### Assignment
Reproduce, without alteration, every line of the data; exclude the images.

--- Exercise data ---

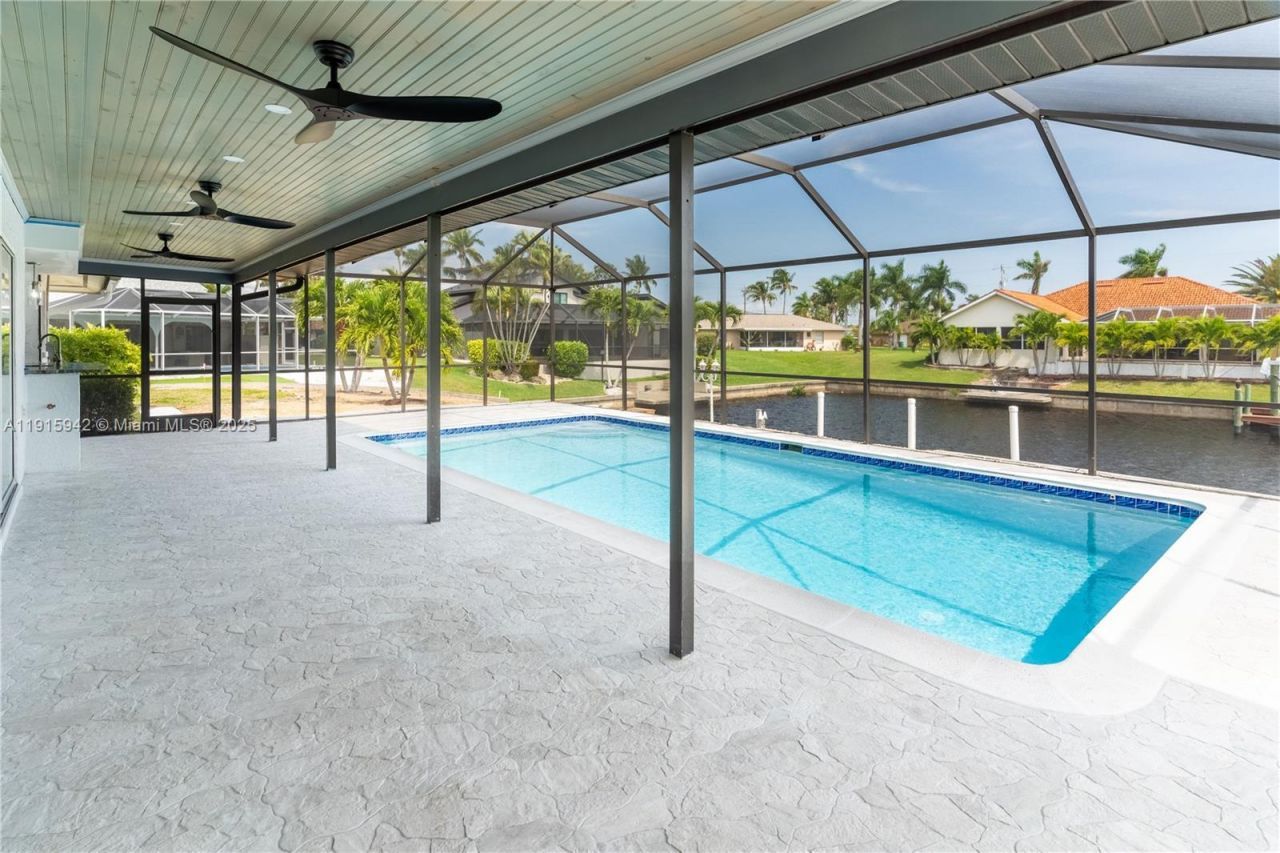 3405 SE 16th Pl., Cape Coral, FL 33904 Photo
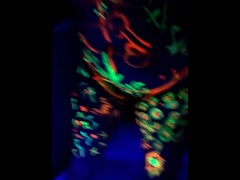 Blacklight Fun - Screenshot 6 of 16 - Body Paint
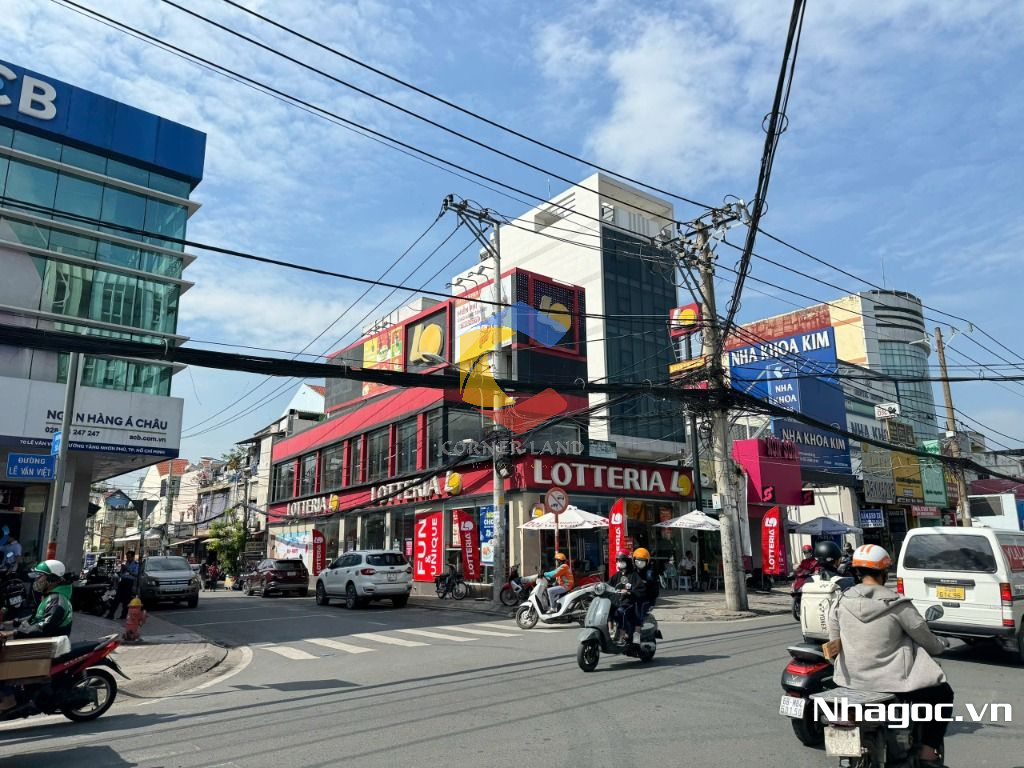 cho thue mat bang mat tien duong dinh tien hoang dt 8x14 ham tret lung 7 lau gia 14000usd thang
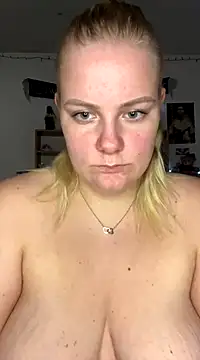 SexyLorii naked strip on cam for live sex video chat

---

### Solution to the exercise
 3405 SE 16th Pl., Cape Coral, FL 33904 Photo
 Blacklight Fun - Screenshot 6 of 16 - Body Paint
 cho thue mat bang mat tien duong dinh tien hoang dt 8x14 ham tret lung 7 lau gia 14000usd thang
 SexyLorii naked strip on cam for live sex video chat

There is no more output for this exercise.